Oh well ,a least the OH is free, got a bicycle and a tool kit to build a new MH.

WHAT !!! - she nicked the wallet, passports and the spare hidden cash while you were trying to be clever with the police?   ..... and the divorce papers arrived when you were in custody?   

If the checking authorities read this I will either be a 'Marked Man' or 'Do not stop - too much pperwork'

From a (personally overweight)

Geoff

P.S. I forgot, a lot of legislation refers to 'Mass'.

Are the authorities equipped, technically and legall, to prove what was the effect of gravity at the time and point of the alleged offence in order to prove what was the 'weight' of the 'mass'?


----------



## barryd (May 9, 2008)

Top Tip!

If your motorhome is stopped and weighed and its over weight as its full of cheap booze and food.

Get the table out at the roadside and drink and eat the lot.

You could even invite the Vosa / Rozzer / Customs officer to join you.

Sorted!


----------



## sprokit (May 1, 2005)

Bimobil said:


> I was just wondering....how frequent ARE spot checks on overload MH's and has anyone actually been fined?
> 
> .....It seems you are allowed by law up to 5% of the GVW so on a 3500kg vehicle this would mean you could escape a fine for overloading by just under 175kg? or am I missing something :?:
> 
> Even between 5 and 10 % the fine is only £100 :?


Although I am now retired (and really enjoying it), I was engaged in Transport Enforcement for many years so I cannot let this go by - it's a misconception, mainly by drivers of motorhomes and to a lesser extent, light van drivers, that you are allowed to be overweight by 5% - WRONG - there is no allowance - overloading is an absolute offence, there are no excuses!!

There is, according to the Code of Practice for Enforcement Weighing, a tolerance in use when carrying out weighing at a calibrated weighbridge used for enforcement purposes.

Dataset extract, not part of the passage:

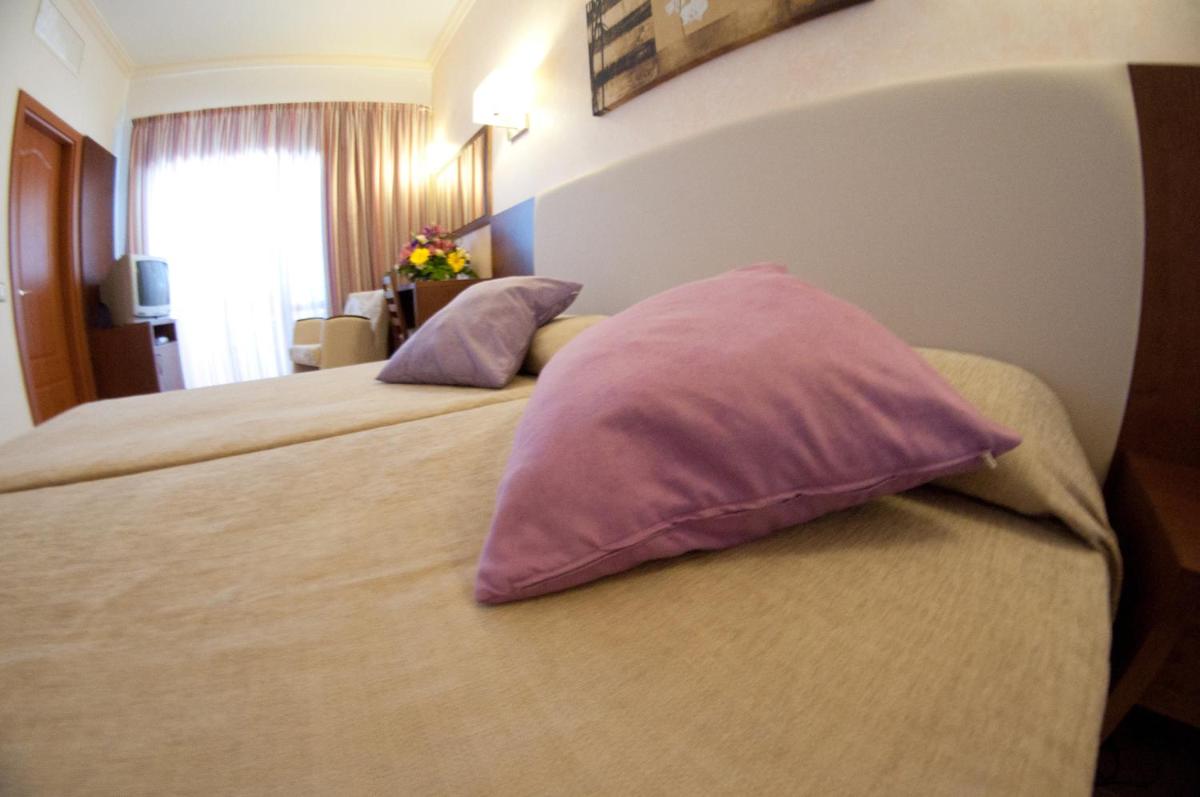 Cama o camas de una habitación en Hotel Cala Gat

_For a Dynamic Weighbridge when weighing a large vehicle (in excess of 3500 kilograms GVW)....... the recorded weights should be assessed in the light of accuracy limits of +/- 150 kg per axle, with a consequent accuracy limit on gross/train weight of +/- 150 kg, multiplied by the number of axles. Compensating axles should be assessed as a combined weight, applying the +/- 150 kg for each axle included.

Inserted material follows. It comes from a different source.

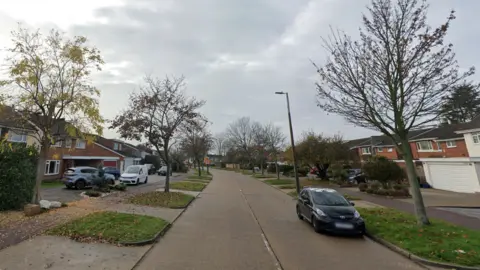 A Google Streetview look at Maplin Way North. A road runs down the middle. Green banks and trees line each side. Then there is a public footpath before the houses which all have large driveways.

However, vehicles such as motorhomes are normally weighed using either a plate weighbridge or a dynamic weighbridge in static mode......... the recorded weights should be assessed in the light of accuracy limits of +/- 50 kg per axle, with a consequent accuracy limit on gross/train weight of +/- 50 kg, multiplied by the number of axles. Compensating axles should not be weighed statically._

In practice it was always the policy, on large vehicles, to allow 150 kilograms per axle or 1 tonne overall before taking any enforcement action (5% on a 44 tonne articulated vehicle being 2,200 kilograms).

Lighter vehicles were only allowed 50 kilograms per axle - not 5% (which on a 3500 kg vehicle would be 175 kilograms).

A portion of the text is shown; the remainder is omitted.